**Source records**
======

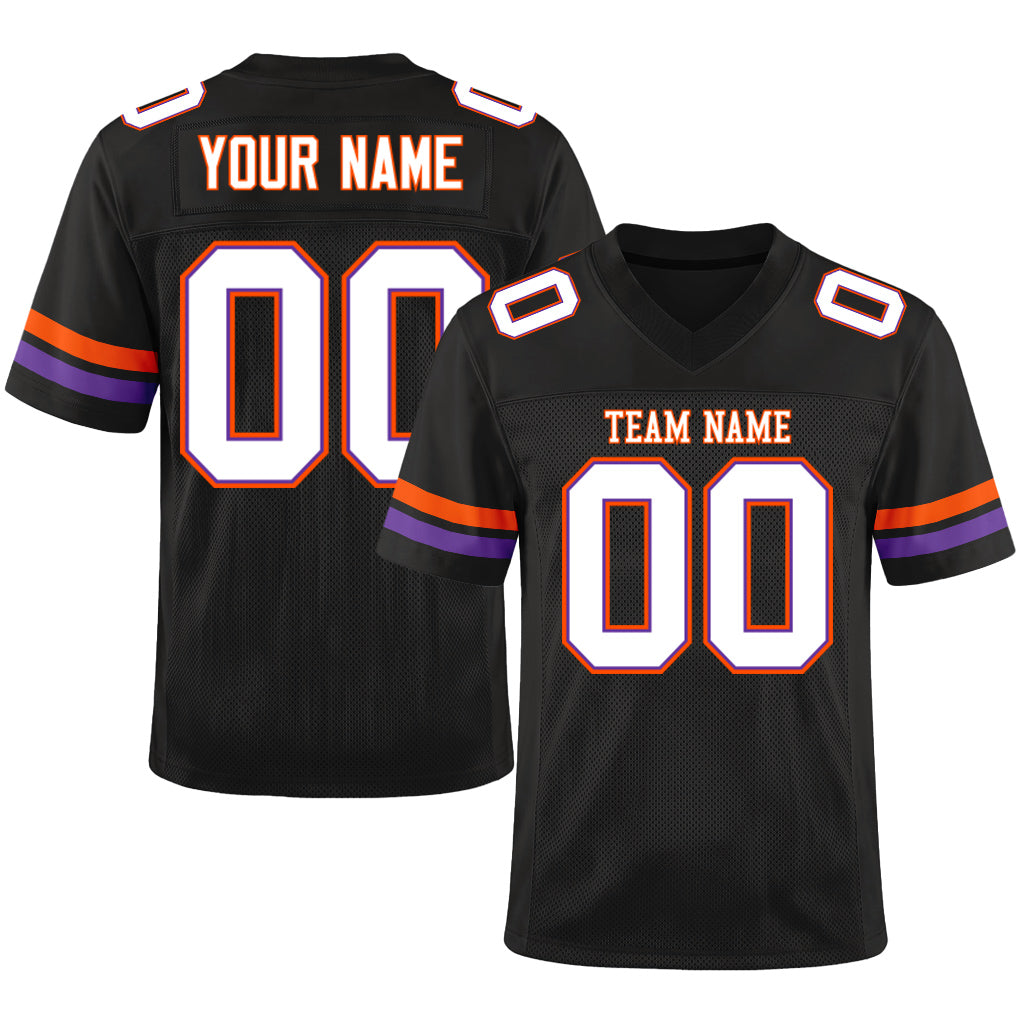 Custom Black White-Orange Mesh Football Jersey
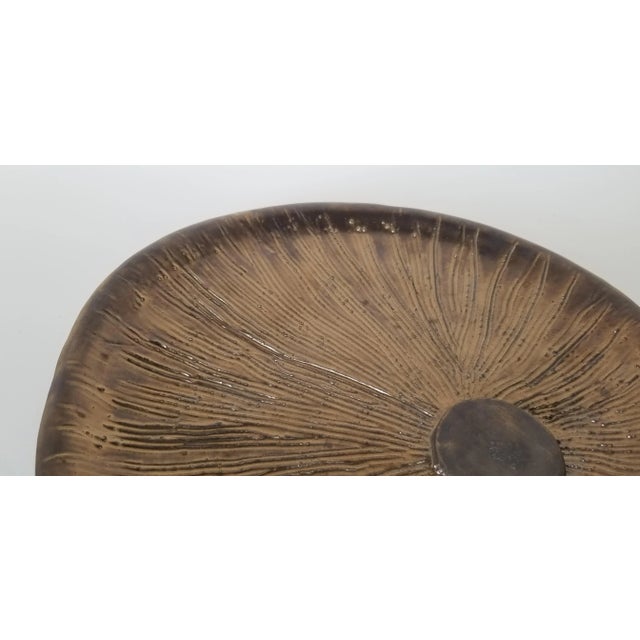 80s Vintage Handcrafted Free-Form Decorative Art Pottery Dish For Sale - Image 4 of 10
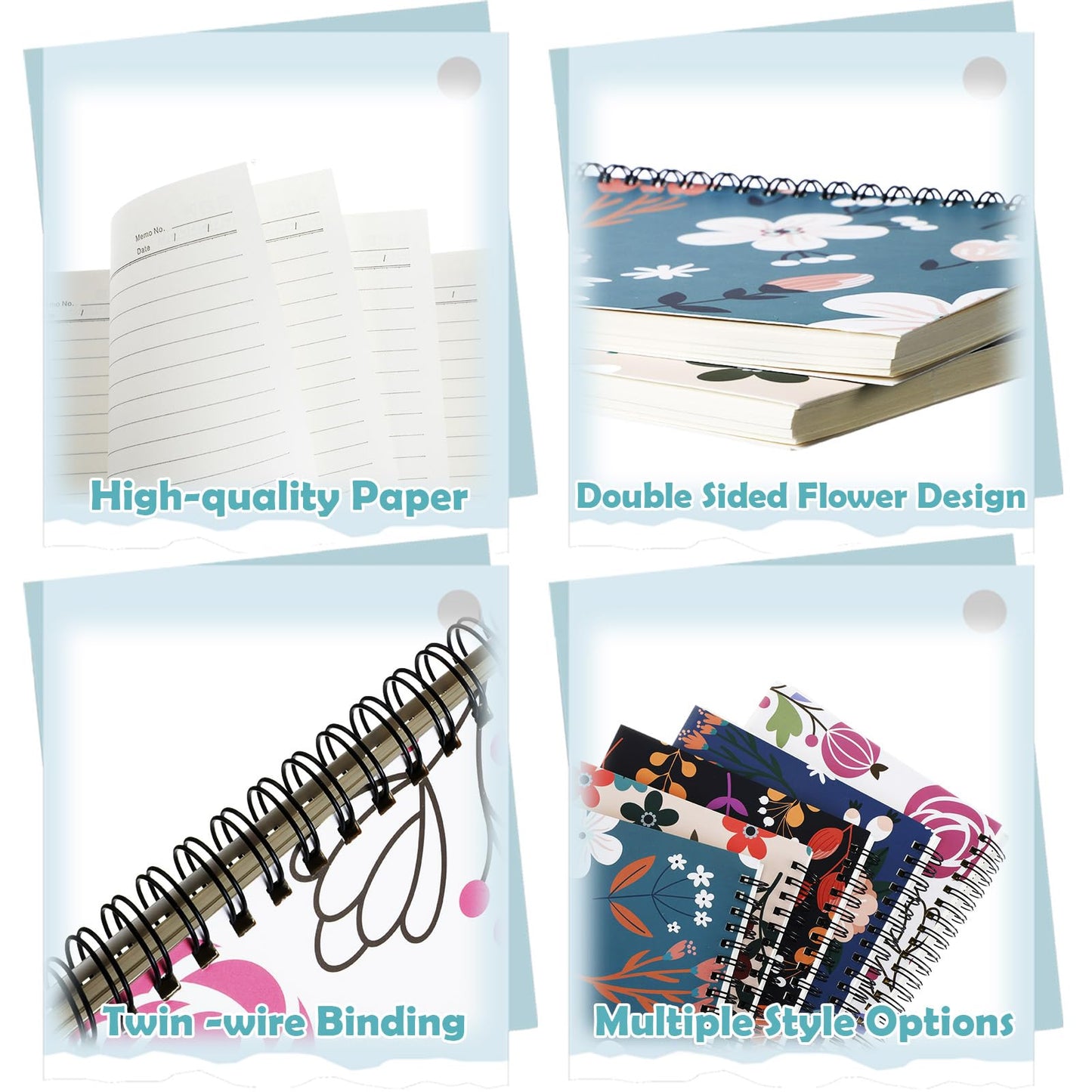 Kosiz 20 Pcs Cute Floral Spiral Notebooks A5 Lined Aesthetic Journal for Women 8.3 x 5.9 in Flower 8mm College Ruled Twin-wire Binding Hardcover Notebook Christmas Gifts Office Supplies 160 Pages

======

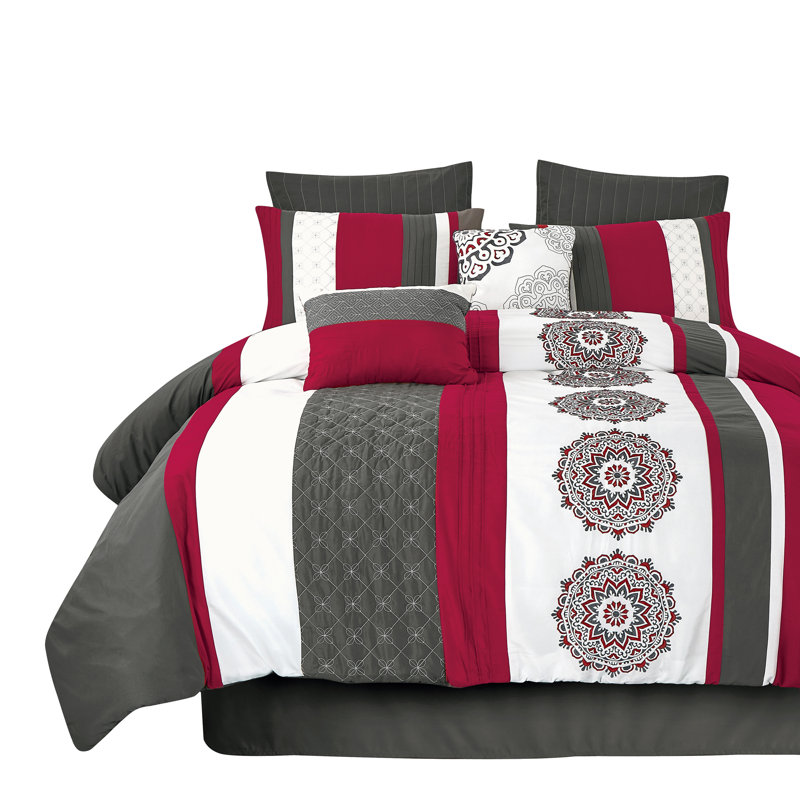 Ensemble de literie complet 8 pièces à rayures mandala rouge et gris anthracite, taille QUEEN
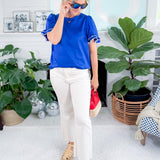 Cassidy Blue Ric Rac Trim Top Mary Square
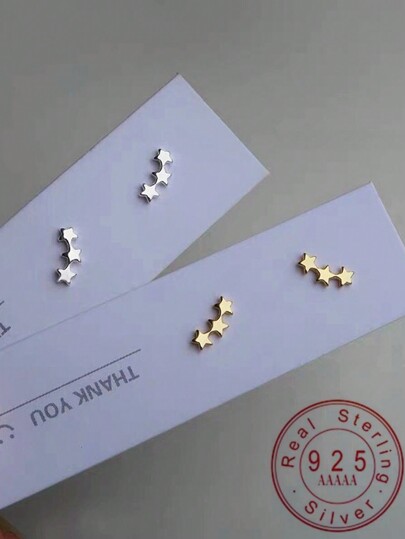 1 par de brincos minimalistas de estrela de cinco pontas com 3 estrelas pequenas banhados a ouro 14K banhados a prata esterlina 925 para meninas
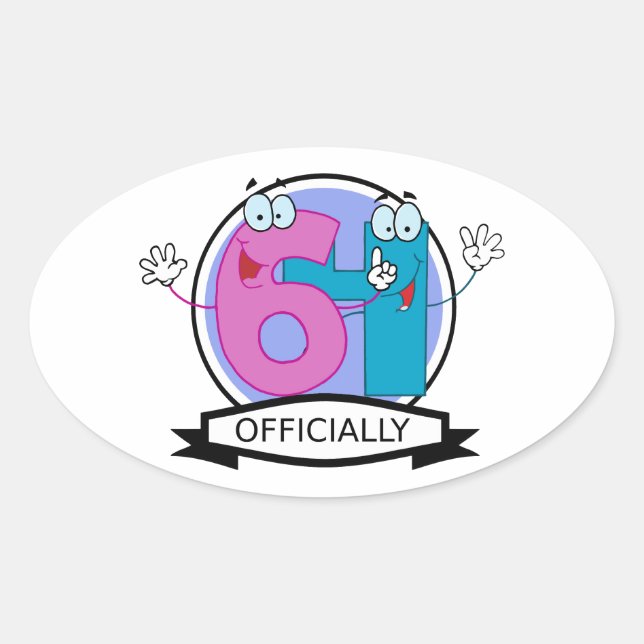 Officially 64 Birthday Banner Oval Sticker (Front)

======

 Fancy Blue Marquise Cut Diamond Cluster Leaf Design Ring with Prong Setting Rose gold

======

**Work instruction**
In the entries above, find the line containing "1 par de brincos" and the line containing "Officially 64 Birthday", then copy both and every line between them exactly, without any picture.

**Your response**
 1 par de brincos minimalistas de estrela de cinco pontas com 3 estrelas pequenas banhados a ouro 14K banhados a prata esterlina 925 para meninas
 Officially 64 Birthday Banner Oval Sticker (Front)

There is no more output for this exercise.